INPUT:

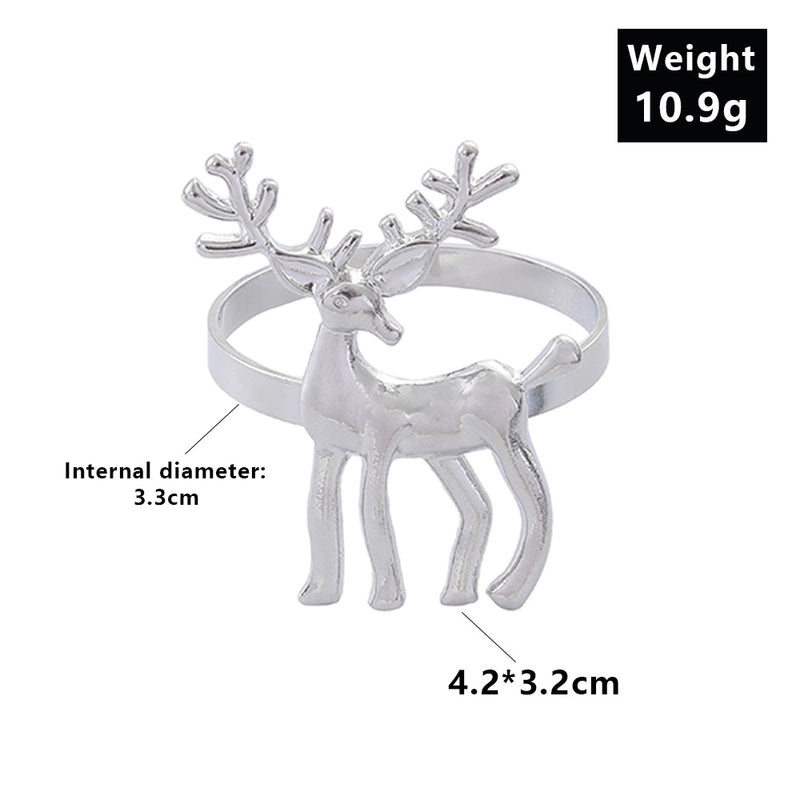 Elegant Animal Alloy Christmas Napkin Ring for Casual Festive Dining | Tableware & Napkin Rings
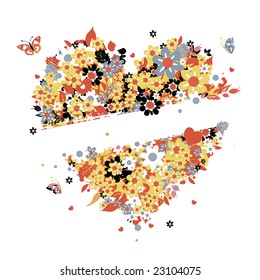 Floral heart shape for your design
---
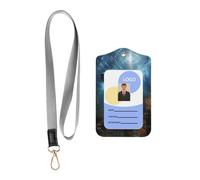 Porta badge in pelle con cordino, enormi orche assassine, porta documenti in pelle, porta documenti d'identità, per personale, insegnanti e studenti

PROBLEM DESCRIPTION: No picture is to be printed. Output exactly the lines above from the line containing "Elegant Animal Alloy" through the line containing "Floral heart shape for your design".

ANSWER:
 Elegant Animal Alloy Christmas Napkin Ring for Casual Festive Dining | Tableware & Napkin Rings
 Floral heart shape for your design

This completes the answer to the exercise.